James Heappey has urged military chiefs to “think the ridiculous” just days after he was appointed a junior defence minister.
Speaking at the RUSI think tank the former army officer compared the Britain’s military capabilites to doomed video rental firm Blockbuster before it was put out of business by Netflix.
And in a call for servicemen and women to think outside the box, he suggested special forces troops should shift away from “crawling through the ditch with their dagger in their teeth ready to plunge it into the heart of the enemy commander” and move towards planting “malware in the hard to enemy servers”.
The minister said he hoped to use his new role to “embolden” military planners to consider mad-cap strategies for taking on foes.
In a series of suggestions which would put the writers of the next James Bond film to shame, he said: “I was talking…last week about plankton-powered rubber duck bombs, but why not?

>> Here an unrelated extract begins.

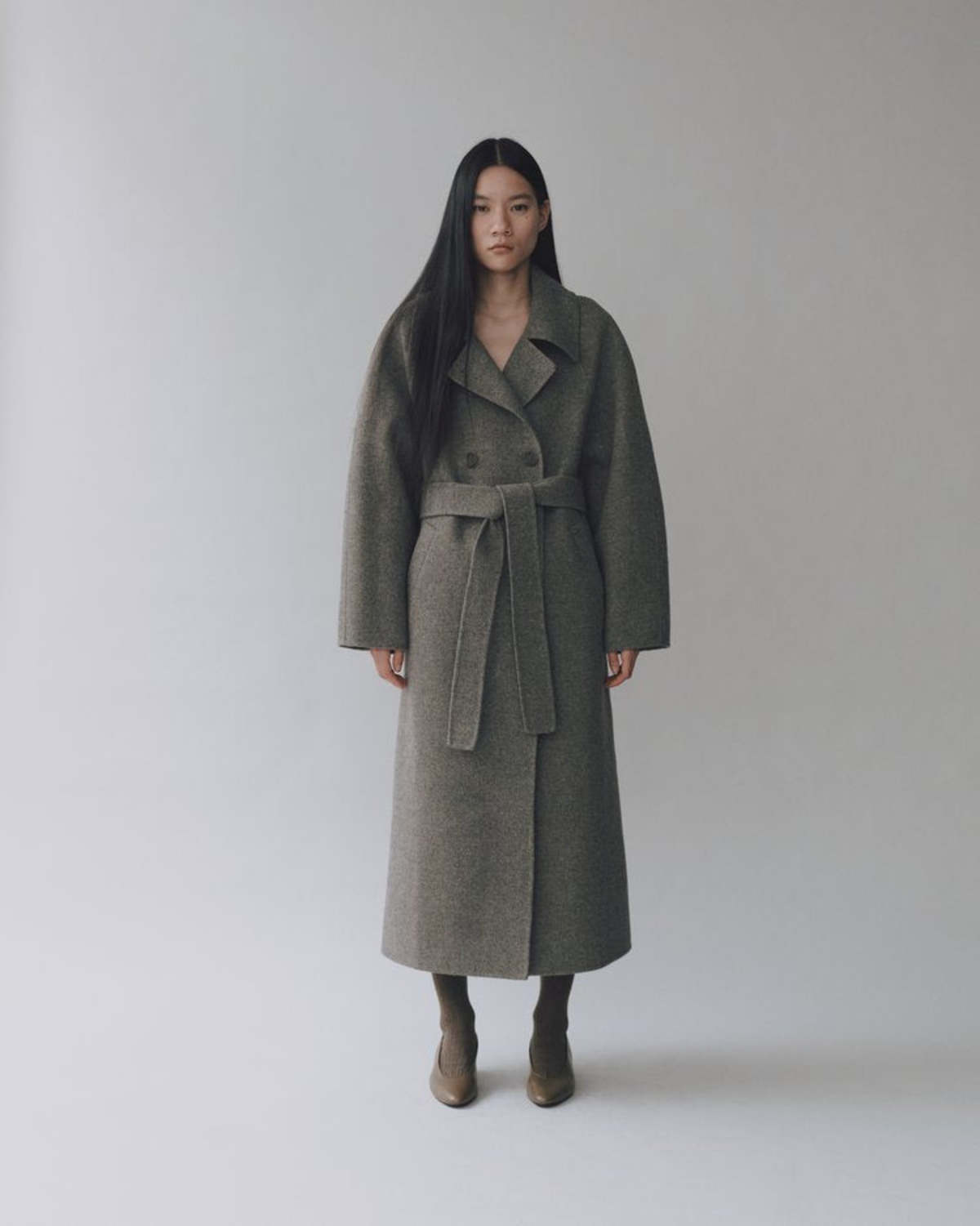 Mijeong Park Handmade Long Wool Coat - Khaki Gray - Image 2 of 6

“Who knows? If a million plankton-powered rubber duck bombs crashed into the Queen Elizabeth, she might sink.”
His comments come ahead of a planned major review into the UK’s defence capabilities, as he urged commanders to focus on new technologies that will give the UK “the edge in the future” of conflict.

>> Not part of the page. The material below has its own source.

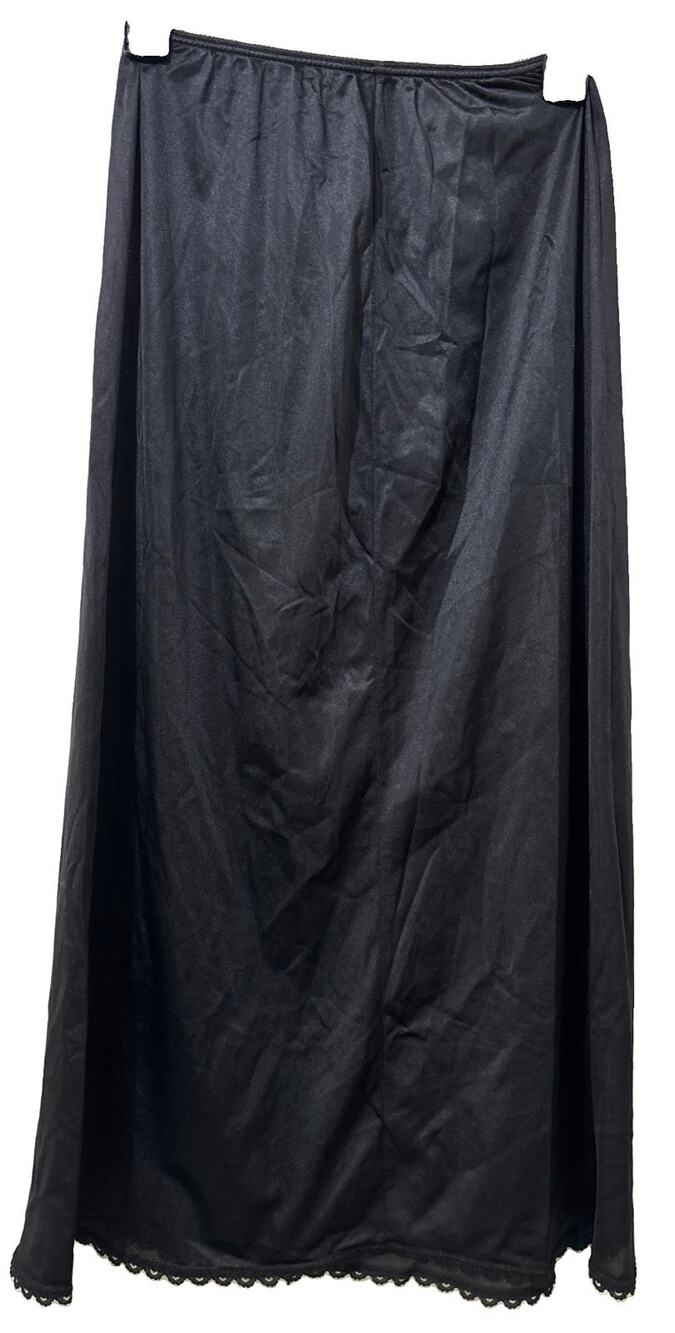 Adonna Vintage Slip Black Lace Trim Skirt Pull On Size Small Whimsigoth No Slit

He added: “Are we, in our platform-centric military Blockbuster, about to be disrupted by a future fight that is Netflix? In which case are we going out of business? Are we just fundamentally completely structured wrong in what we have got?
“Or is it a sort of disruption that is more Zip Car, Uber, Deliveroo, where the platforms, the business model, still look broadly the same but the battle-winning bit is the speed in which everything flows?”
Meanwhile, Mr Heappey urged a major push on cyber defences, saying the UK should get better at “switching stuff off” in hostile states.
He said cybersoldiers should develop new skills for “messing around with their digital architecture, their infrastructure back home, so they can’t get to the start line in good nick either”.